Please do not judge this man. Stuff like this happens all the time. Your brain disengages and you do something stupid. Please, do not think that you are smarter than this physician. This man who spent a good part of his adult life studying the science of healing. His education did him no good because he had a stupid moment. Stupidity plays no favorites here. Stupidity descends upon us all equally like the morning dew descends upon the flower and the cow pie.

Therefore I have developed rules for working in the shop.

1) Do not drink any alcohol and go to work in the shop. I have discovered that the best thing that beer helps me to do is to drink more beer. It is perfectly suited for that job and no other. Not a smart move on my part to drink beer and try to think. A stupid hat comes down on my head and in the midst of drinking beer, [this is how stupid you get], you think the stupid hat looks good on you. And even one beer can make you do stupid things. My worse accident ever in the shop happened after one beer.

2) Develop habits for your stupid days.

Everyone has stupid days. Days when your energy is low, your concentration is worse, or your mood is bad. Everyone has these days. These are days when you should not be anywhere near a moving saw blade. Yet there you are. Working close to several horsepower of spinning danger and you are brain dead. You know these days. You know, usually too far into them, that you are stupid that day. That everything you pick up falls out of your hands or you are constantly knocking things over, losing stuff, not paying attention.

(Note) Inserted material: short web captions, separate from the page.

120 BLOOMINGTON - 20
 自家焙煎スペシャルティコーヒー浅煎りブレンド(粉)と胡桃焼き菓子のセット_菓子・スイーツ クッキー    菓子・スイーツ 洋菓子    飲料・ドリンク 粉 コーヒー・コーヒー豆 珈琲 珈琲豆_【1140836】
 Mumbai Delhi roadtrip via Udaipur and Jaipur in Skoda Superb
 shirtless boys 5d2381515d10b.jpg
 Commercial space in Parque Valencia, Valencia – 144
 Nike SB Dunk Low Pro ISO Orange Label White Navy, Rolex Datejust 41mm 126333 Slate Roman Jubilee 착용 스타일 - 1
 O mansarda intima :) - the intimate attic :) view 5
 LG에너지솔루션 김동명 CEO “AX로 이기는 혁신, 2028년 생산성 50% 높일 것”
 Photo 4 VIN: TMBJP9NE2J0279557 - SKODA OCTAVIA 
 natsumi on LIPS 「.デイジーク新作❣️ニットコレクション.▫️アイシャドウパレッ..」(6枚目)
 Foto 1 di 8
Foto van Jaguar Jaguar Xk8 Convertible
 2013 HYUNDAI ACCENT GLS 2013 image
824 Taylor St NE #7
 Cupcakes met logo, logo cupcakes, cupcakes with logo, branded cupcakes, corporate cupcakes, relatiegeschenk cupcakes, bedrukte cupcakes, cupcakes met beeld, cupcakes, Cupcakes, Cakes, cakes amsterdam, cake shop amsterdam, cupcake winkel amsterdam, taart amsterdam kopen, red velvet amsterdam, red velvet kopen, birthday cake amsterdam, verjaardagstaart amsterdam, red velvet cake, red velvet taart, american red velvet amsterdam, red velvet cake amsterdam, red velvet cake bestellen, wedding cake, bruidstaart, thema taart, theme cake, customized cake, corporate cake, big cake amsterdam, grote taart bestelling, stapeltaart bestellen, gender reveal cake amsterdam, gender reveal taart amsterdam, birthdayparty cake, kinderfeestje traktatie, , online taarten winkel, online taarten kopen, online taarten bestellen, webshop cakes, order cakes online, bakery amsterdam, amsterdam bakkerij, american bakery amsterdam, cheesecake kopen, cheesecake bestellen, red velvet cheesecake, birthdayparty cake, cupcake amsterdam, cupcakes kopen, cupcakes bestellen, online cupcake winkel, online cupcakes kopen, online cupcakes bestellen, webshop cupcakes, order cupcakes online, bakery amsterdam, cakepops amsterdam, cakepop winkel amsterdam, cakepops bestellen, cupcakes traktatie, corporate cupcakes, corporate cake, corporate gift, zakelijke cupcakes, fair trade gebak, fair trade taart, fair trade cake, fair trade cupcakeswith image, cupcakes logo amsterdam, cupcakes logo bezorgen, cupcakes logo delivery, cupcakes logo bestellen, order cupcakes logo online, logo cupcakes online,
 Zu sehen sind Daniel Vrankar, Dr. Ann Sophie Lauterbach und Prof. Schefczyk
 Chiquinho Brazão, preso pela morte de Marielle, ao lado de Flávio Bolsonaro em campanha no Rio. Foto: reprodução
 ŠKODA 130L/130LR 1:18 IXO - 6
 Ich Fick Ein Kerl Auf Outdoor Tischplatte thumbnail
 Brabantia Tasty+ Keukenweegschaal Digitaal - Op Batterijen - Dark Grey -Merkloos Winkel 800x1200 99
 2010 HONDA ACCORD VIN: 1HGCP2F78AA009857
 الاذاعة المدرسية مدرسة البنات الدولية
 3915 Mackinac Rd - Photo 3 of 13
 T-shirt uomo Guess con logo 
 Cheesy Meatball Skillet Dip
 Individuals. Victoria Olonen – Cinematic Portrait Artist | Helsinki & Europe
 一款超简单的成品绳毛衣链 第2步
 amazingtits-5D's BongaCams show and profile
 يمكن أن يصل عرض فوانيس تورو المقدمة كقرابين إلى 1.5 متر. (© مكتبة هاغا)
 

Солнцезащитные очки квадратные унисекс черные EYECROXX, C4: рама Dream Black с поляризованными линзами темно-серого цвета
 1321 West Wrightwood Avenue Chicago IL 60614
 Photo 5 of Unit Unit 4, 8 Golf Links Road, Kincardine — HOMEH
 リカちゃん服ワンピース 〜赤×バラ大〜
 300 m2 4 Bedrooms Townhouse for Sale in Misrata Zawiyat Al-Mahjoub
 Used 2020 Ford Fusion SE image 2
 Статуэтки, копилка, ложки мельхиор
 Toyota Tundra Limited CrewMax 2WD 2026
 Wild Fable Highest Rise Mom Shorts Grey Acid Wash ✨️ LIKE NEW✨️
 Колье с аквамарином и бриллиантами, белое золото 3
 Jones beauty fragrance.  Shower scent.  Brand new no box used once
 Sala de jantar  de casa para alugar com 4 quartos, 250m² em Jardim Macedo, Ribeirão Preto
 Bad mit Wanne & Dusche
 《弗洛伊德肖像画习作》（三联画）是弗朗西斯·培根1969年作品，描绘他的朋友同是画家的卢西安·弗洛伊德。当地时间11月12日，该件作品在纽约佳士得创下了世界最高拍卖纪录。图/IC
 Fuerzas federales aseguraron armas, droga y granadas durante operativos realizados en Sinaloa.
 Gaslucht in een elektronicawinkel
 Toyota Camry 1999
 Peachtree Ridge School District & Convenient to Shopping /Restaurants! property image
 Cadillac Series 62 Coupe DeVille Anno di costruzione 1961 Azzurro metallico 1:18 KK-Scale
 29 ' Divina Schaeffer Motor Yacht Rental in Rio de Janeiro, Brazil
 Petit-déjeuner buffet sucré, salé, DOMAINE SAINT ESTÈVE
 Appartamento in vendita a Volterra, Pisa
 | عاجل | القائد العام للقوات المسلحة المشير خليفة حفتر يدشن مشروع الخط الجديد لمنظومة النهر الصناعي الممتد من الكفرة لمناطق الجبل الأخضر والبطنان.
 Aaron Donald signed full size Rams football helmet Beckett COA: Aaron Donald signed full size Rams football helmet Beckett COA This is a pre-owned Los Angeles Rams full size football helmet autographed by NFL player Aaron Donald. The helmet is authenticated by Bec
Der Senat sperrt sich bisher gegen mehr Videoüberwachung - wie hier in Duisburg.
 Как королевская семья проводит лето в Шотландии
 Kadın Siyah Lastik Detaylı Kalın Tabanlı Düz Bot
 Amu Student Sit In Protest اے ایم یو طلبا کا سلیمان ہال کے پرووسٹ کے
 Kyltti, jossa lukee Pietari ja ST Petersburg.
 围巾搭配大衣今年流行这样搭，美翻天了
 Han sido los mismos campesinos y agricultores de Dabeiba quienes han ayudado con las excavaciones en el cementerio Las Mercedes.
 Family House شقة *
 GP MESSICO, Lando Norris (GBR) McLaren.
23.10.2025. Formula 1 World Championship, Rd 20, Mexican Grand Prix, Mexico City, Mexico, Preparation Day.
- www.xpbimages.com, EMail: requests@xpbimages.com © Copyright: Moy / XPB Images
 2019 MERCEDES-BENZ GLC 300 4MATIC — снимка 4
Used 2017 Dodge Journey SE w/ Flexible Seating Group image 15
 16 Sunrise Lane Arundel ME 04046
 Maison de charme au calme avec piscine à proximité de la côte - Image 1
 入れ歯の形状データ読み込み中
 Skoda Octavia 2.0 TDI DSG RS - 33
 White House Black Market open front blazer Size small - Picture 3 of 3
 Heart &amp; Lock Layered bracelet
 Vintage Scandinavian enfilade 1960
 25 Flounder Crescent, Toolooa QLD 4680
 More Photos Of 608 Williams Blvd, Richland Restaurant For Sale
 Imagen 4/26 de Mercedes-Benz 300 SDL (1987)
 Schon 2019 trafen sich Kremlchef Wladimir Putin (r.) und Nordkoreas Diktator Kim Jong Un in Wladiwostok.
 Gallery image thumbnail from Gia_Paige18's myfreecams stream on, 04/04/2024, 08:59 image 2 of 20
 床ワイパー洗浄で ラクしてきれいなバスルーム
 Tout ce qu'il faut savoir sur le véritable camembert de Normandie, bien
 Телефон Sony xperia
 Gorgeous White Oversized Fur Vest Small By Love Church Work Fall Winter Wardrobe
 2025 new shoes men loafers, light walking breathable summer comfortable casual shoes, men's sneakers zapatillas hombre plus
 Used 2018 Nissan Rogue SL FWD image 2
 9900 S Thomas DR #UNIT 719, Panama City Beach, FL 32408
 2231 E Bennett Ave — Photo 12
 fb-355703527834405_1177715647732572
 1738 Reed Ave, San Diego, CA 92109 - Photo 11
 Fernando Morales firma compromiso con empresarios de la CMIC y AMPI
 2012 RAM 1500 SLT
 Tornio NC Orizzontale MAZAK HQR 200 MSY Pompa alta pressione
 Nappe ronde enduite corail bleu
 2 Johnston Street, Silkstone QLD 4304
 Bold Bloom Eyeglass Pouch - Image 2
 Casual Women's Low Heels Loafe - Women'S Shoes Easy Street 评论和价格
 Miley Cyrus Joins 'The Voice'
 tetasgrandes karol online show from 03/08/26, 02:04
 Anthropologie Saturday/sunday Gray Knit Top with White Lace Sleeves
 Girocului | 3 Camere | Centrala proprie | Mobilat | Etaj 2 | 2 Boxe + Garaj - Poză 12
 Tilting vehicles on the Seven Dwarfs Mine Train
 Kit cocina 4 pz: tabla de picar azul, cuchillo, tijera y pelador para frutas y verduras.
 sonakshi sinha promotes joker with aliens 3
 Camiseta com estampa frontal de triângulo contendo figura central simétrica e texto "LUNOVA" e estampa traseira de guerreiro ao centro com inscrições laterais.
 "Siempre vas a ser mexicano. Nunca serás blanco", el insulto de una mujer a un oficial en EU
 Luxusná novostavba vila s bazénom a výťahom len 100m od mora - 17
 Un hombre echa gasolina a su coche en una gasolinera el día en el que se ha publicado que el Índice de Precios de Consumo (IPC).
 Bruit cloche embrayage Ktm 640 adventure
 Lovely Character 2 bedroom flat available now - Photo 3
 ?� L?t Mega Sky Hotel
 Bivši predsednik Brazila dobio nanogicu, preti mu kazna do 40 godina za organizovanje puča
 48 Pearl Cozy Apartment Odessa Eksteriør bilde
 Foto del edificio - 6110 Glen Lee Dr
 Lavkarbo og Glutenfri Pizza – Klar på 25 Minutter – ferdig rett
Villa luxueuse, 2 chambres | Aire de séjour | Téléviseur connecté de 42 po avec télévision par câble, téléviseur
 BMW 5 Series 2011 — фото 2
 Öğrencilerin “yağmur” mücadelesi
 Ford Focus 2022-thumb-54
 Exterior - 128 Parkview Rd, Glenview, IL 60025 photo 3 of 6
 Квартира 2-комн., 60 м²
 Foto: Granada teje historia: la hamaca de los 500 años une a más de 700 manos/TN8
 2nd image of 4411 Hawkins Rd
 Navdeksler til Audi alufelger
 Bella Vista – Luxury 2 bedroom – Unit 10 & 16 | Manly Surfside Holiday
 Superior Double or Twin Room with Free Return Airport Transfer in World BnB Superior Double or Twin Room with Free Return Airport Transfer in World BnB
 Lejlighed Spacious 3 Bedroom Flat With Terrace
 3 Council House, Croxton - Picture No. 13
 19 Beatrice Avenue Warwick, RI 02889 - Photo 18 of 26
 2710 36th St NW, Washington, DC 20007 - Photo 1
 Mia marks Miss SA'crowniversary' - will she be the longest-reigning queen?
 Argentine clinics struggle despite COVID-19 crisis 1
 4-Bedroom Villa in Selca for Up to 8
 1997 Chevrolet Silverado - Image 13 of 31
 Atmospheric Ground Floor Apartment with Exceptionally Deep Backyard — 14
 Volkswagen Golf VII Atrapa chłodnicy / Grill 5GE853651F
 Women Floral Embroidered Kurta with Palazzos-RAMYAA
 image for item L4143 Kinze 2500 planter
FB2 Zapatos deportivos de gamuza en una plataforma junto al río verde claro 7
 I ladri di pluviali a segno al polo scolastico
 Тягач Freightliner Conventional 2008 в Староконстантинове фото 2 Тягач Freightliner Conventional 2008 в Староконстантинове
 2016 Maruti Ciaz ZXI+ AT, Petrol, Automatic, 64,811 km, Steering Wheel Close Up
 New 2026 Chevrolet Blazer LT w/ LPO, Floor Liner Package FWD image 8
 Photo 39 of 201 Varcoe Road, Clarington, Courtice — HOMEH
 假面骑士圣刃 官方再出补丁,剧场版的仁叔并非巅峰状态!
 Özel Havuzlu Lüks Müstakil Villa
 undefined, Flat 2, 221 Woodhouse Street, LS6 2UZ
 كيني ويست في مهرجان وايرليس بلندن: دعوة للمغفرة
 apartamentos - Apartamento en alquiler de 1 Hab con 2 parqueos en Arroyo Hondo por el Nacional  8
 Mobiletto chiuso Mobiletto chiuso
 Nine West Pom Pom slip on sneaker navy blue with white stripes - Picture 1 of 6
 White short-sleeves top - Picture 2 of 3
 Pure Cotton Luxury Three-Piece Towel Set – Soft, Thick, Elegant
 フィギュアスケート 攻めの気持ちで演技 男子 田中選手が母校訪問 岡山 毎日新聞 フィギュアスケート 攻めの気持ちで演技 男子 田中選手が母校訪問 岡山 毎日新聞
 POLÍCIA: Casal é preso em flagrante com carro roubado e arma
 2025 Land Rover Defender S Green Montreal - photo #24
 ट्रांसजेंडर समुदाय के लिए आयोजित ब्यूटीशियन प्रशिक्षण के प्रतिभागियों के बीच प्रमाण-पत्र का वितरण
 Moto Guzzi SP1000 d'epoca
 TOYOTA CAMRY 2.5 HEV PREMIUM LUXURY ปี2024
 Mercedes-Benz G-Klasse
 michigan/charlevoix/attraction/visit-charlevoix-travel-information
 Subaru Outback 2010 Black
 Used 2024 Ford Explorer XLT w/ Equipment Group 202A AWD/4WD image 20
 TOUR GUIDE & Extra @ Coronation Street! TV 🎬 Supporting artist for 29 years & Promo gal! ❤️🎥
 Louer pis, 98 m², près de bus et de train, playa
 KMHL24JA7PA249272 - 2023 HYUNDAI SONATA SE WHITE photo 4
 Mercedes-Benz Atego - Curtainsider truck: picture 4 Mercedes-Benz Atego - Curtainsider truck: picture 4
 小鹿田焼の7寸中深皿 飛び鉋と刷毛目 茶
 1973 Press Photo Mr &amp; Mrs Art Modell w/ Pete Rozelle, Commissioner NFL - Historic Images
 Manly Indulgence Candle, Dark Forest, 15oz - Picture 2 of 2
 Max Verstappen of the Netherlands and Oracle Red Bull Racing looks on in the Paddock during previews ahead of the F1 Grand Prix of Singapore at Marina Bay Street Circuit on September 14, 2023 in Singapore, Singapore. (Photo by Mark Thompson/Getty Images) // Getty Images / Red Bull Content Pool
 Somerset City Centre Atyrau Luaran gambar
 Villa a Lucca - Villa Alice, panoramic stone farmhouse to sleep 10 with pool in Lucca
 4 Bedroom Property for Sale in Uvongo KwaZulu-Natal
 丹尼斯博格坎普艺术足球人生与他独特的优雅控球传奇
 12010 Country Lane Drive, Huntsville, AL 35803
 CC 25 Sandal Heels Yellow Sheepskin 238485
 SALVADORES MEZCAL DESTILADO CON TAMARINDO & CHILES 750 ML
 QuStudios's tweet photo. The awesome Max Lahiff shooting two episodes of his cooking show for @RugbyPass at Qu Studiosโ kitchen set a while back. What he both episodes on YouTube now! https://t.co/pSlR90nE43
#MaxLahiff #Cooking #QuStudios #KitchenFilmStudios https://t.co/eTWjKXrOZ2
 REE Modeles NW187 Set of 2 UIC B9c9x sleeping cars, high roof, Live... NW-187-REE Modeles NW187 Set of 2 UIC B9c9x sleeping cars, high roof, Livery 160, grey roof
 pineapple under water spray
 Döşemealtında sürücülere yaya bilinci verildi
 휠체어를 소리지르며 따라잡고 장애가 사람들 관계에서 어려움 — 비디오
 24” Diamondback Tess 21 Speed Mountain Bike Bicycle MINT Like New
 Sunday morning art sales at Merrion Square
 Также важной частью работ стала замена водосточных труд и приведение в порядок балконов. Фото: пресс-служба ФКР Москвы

On those days you shouldn’t even be in the shop but there you are anyway. You have to develop habits for these, your stupid days. Because on your smart days you can get away with anything in the shop. You could rip things on the table saw with your elbows holding the work and you’d be fine. But on your stupid days, oh my, on your stupid days, you shouldn’t even be driving a car. You should have stayed home and there you are muttering to yourself about traffic or cursing your luck in choosing a color blind spouse, or lamenting the Cubs blowing another lead [just wait, just wait, it’s ain’t over, till October] Instead of concentrating on the work at hand, you’re thinking about a hundred other things. But we don’t usually know which day is our smart day or our stupid day. Which day will be better. We press on regardless of all the warning signs.

Therefore you must have habits in place. Habits that will protect you on your stupid days.

Published in: on September 11, 2008 at 8:26 am  Comments (2)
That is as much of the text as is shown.